§ Provided information
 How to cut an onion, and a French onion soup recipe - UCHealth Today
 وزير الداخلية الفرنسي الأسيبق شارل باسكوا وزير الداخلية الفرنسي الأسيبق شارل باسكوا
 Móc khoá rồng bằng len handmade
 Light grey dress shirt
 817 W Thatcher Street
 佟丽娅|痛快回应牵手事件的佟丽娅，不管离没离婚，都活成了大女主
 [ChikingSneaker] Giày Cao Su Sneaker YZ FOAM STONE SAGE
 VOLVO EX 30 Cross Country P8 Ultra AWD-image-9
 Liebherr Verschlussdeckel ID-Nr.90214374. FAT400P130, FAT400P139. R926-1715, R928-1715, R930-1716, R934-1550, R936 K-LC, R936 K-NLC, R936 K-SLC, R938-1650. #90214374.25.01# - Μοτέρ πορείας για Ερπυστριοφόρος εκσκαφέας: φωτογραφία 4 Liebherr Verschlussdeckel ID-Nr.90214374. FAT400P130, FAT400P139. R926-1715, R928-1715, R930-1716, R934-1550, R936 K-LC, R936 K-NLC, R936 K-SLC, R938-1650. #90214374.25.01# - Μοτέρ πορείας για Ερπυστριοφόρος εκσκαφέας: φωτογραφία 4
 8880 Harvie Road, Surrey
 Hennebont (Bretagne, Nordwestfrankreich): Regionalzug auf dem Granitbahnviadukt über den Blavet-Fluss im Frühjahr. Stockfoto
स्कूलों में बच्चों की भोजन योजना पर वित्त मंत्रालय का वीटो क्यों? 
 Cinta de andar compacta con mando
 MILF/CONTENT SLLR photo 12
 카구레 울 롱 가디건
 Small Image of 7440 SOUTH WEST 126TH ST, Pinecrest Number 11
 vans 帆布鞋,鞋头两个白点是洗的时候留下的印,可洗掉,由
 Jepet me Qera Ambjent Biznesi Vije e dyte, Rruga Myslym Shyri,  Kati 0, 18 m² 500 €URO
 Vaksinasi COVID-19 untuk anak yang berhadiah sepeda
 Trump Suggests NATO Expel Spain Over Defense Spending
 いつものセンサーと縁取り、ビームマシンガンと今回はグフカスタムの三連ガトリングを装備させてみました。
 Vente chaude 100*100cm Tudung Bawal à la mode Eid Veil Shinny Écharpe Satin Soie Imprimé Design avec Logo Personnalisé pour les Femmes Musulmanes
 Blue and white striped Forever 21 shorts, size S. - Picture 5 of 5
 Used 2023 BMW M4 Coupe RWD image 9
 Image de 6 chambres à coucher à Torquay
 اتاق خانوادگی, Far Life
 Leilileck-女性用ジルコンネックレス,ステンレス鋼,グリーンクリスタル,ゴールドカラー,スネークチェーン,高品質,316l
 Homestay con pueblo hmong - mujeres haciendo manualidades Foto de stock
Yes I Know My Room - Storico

§ What to do
Print, without alteration, only the lines above between the one holding "vans 帆布鞋,鞋头两个白点是洗的时候留下的印,可洗掉,由" and the one holding "いつものセンサーと縁取り、ビ", inclusive.

§ The answer
 vans 帆布鞋,鞋头两个白点是洗的时候留下的印,可洗掉,由
 Jepet me Qera Ambjent Biznesi Vije e dyte, Rruga Myslym Shyri,  Kati 0, 18 m² 500 €URO
 Vaksinasi COVID-19 untuk anak yang berhadiah sepeda
 Trump Suggests NATO Expel Spain Over Defense Spending
 いつものセンサーと縁取り、ビームマシンガンと今回はグフカスタムの三連ガトリングを装備させてみました。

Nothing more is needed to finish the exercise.